The law plainly succeeded on the first two counts, but has had mixed success on the third. Subsidies cut off for people earning four times the federal poverty level ― which is $48,000 a year for a single person ― leaving families who aren’t wealthy to pay the full premium for their health insurance. That burden increased this year when rates increased much more than during the first three years of Obamacare enrollment.
“We don’t want to own it politically.”
At his press conference on Wednesday, Trump lamented that some Obamacare plans carry very high deductibles that reduce their value for people who’d have to spend thousands of dollars out of pocket before their benefits kick in.
“You have deductibles that are so high that after people go broke paying their premiums ― which are going through the roof ― the health care can’t even be used by them because the deductibles are so high,” Trump said.
That’s true for a portion of people who have this coverage. But the cumulative impact of all plans conservative intellectuals and Republican lawmakers are circulating would be to expose people to even higher out-of-pocket medical costs.
And none of the policy outlines Republicans have promoted would dedicate the level of funding required to maintain what the Affordable Care Act already does, let alone make insurance cheaper and available to more people.
This includes Price’s plan, which would claw back regulations on the insurance industry, effectively allowing companies to cover fewer services and impose higher co-pays and deductibles ― and making it harder for people with pre-existing conditions to get decent coverage in the first place.
Throw in the fact that Price’s proposal, like all Republican plans, would dramatically cut funding for Medicaid, which provides insurance to millions of low-income Americans, and the result would be more crippling medical bills for the American public, not fewer.
Democrats oppose the idea of Price assuming leadership of Health and Human Services and have raised ethics questions about the physician and six-term lawmaker’s investments in health care companies, but he will likely enjoy enough support from Senate Republicans to be confirmed.
The Senate Finance Committee hasn’t scheduled Price’s confirmation hearing, but he is expected to appear before the Health, Education, Labor and Pensions Committee next Wednesday.

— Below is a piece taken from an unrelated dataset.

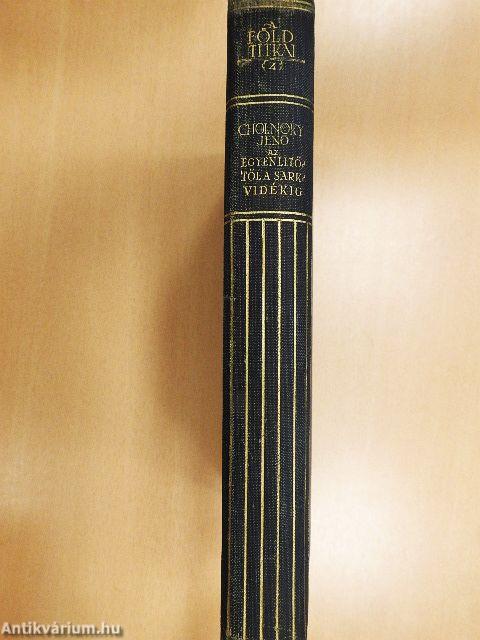 Az Egyenlítőtől a sarkvidékig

Trump, meanwhile, has been clearer on his political calculations than he is on his policy wish list. The way he describes it, he and the GOP are generously offering to relieve Democrats of the problems the Affordable Care Act created or failed to solve. In his stated view, the best political course for Republicans would be to do nothing and allow Obamacare’s shortcomings to mount so they can blame Democrats for enacting it in the first place.
“We don’t want to own it politically. They own it right now,” Trump said.

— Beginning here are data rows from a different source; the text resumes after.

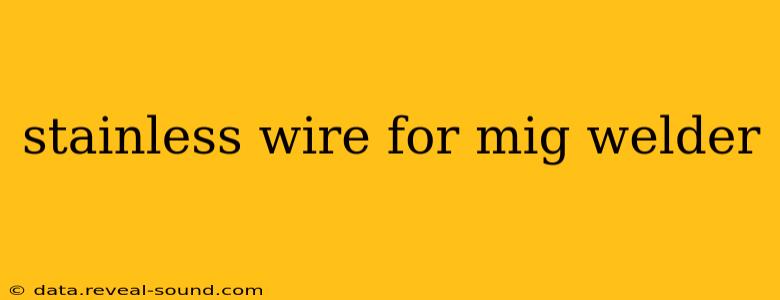 stainless wire for mig welder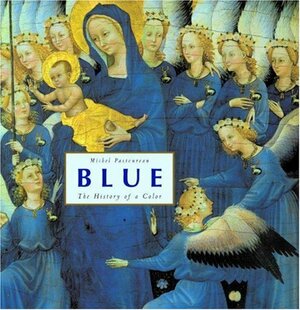 Blue: The History of a Color by Michel Pastoureau
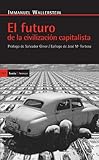 Image de Futuro de la civilización capitalista, El: Prólogo de Salvador Giner / Epílogo de José Mª Tortosa (Antrazyt)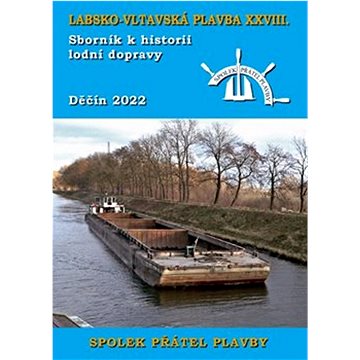 

Labsko-vltavská plavba XXVIII.: Sborník k historii lodní dopravy 2022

That’s an unusual view of how the public might react to the collapse of the health insurance system during a time when the Republican Party controls the entire federal government and most state capitals.
The Urban Institute projects that congressional GOP leaders’ preferred plan ― dubbed “repeal and delay” because they would pass legislation to repeal major parts of Obamacare but leave most of them in place for up to four years while they devise a new policy ― could destabilize the health care system and result in as many as 30 million people losing their health benefits.

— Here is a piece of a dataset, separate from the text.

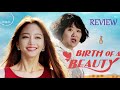 Birth of a Beauty | Kdrama Review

“Obamacare is a complete and total disaster,” Trump said. “ It’s imploding as we sit.” Trump predicted that 2017 would be “the bad year” and “catastrophic.”
This is at odds with the latest evidence.
The Department of Health and Human Services reported Tuesday that enrollment on the exchanges for this year, which ends Jan. 31, is ahead of where it was at this time last year. The ratings agency Standard & Poor’s reported last month that the financial status of health insurers participating in the exchanges is improving ― after many suffered losses last year ― and projected that these marketplaces and the prices consumers pay will stabilize in the future.